### Data shown
↓↓↓

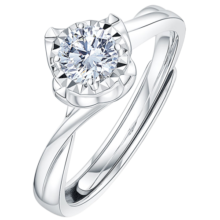 喜钻铂金戒指可调节结婚求婚钻石戒指送女友40分效果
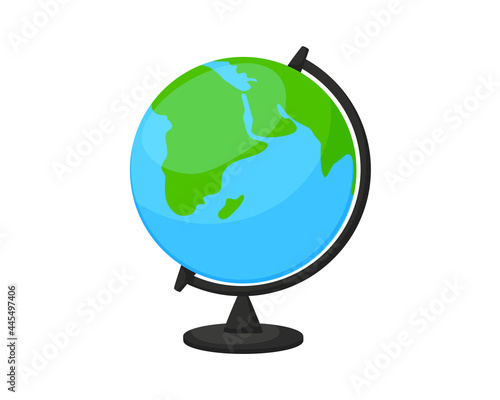 School globe in cartoon style. Vector illustration of planet earth. Geography lessons isolated on white background 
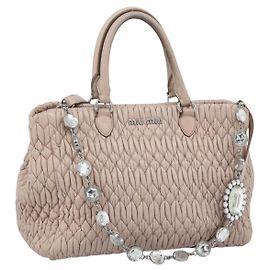 Miu Miu Matelasse Chain Shoulder Bag Leather 2way Pink Silver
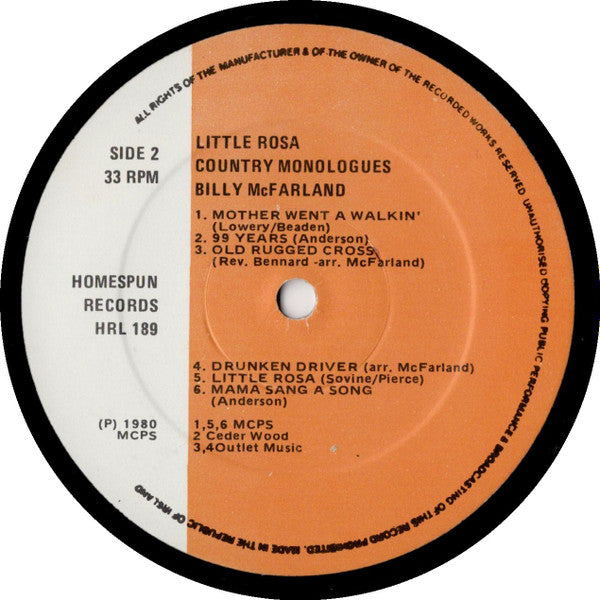 Billy McFarland : Little Rosa - Country Monologues (LP)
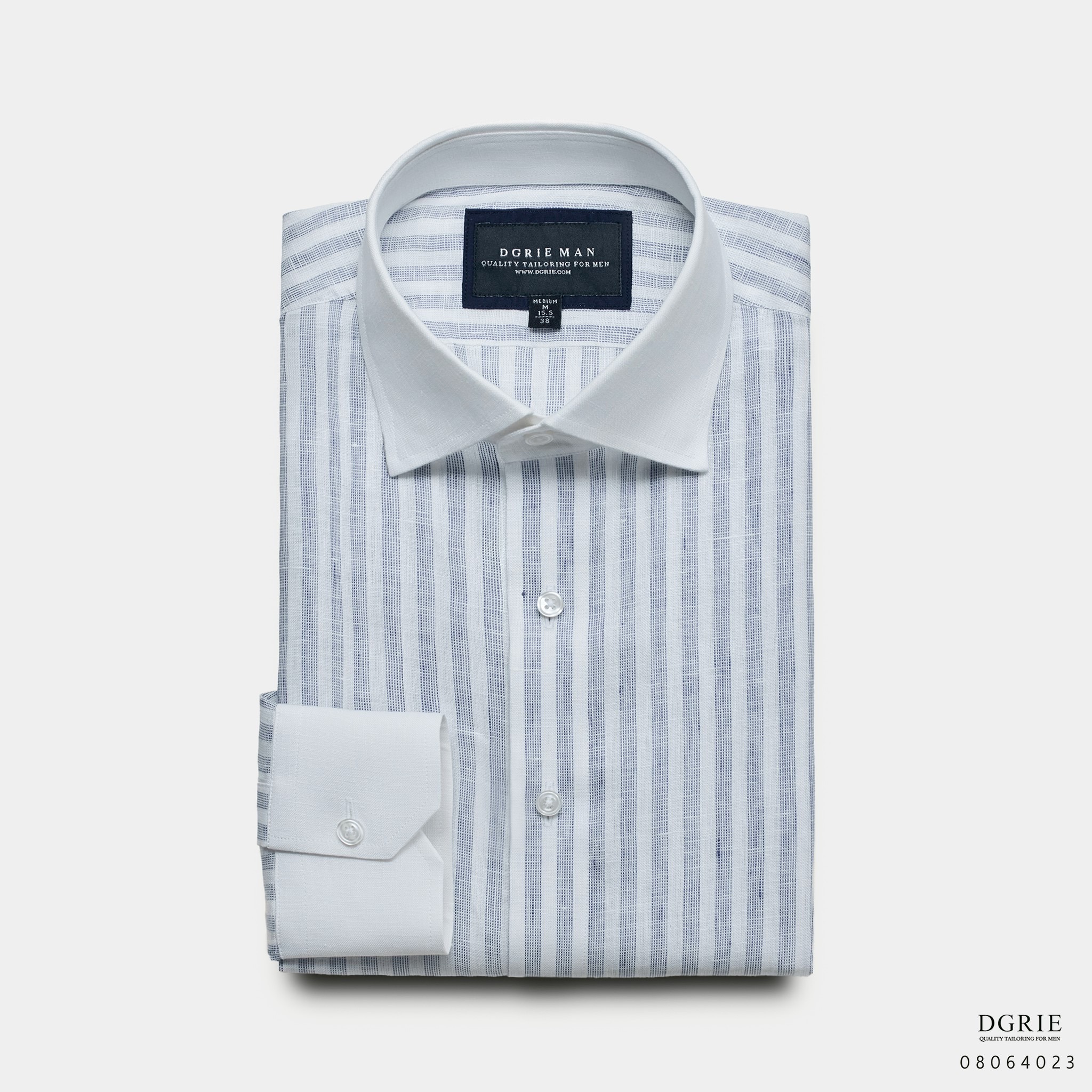 เสื้อเชิ้ตลินิน Casual Linen Navy Two Tone White Collar Shirts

↑↑↑

### Work order
Would you transcribe, exactly and only, the lines from the one that contains "Billy McFarland : Little" through the last line of the data above, without any pictures?

### Solution for this problem
 Billy McFarland : Little Rosa - Country Monologues (LP)
 เสื้อเชิ้ตลินิน Casual Linen Navy Two Tone White Collar Shirts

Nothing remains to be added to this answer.